The Barton organ is now playing! There remains some work to do with wiring and some console components. Visit this website for more info on the Barton and the Wurlitzer at the Paramount.

rivest266 on July 21, 2012 at 1:31 am

Grand opening ad from June 29th, 1928 posted here

Joe Vogel
Joe Vogel on February 21, 2012 at 12:29 pm

There are two photos of the Iowa Theatre after its post-flood renovation on this page of the web site of Ryan Companies US, Inc., the construction firm that did the restoration and associated remodeling. The design of the project was by OPN Architects.

The book Cedar Rapids: Downtown and Beyond, by George T. Henry and Mark W. Hunter, says that the Iowa Theatre closed as a movie house in 1983.

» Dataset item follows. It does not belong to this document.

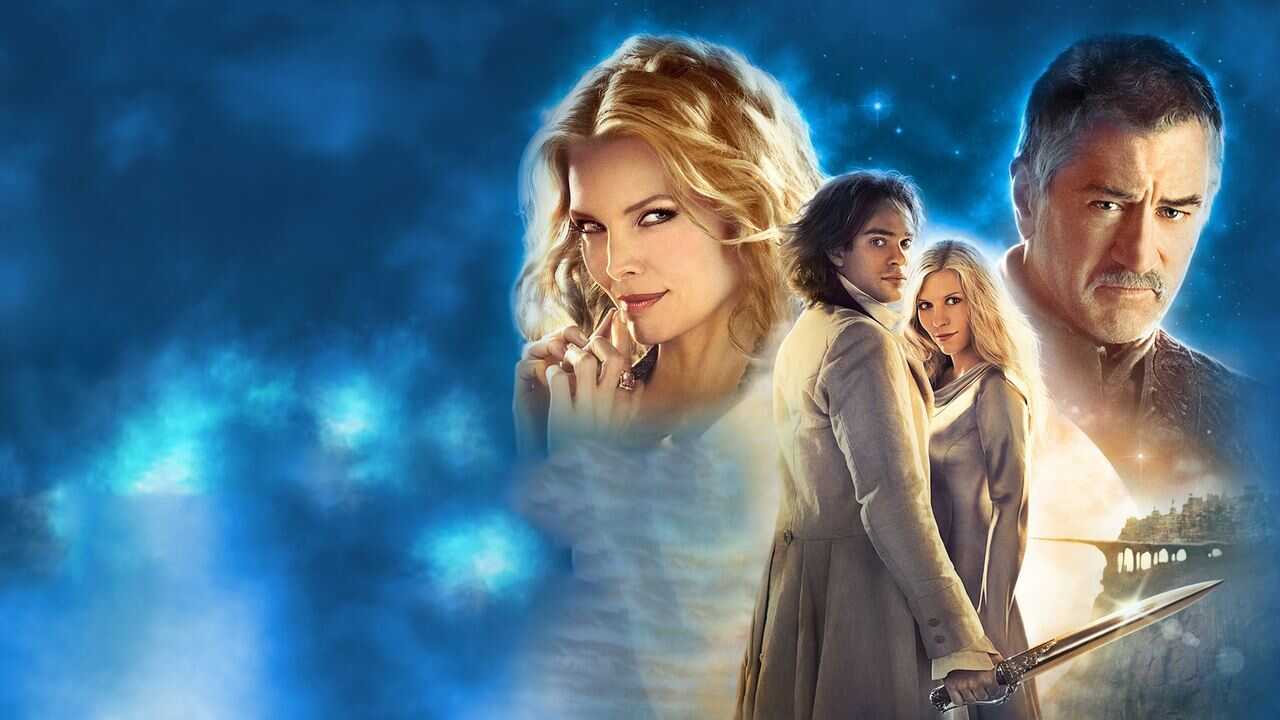 Gwiezdny pył (2007) 0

Local banking house Cedar Rapids Bank & Trust is sponsoring a classic movie series at the Iowa Theatre (schedule here). TCR’s web site doesn’t say anything about the medium of presentation, but the bank’s web site says Movies are projected digitally in HD via a state of the art Blu-Ray projector whenever available in that format. Still, it’s only five bucks (the bank also gives away a limited number of tickets free) and you do get to see the movies in a classic theater.

Joe Vogel
Joe Vogel on December 28, 2011 at 10:22 am

O.F.Paulson Co., currently listed in the Firm field, is a construction company. The Iowa Theatre was designed by George Fisher, an Omaha architect who was at one time partnered with Louis Mendelssohn and Harry Lawrie.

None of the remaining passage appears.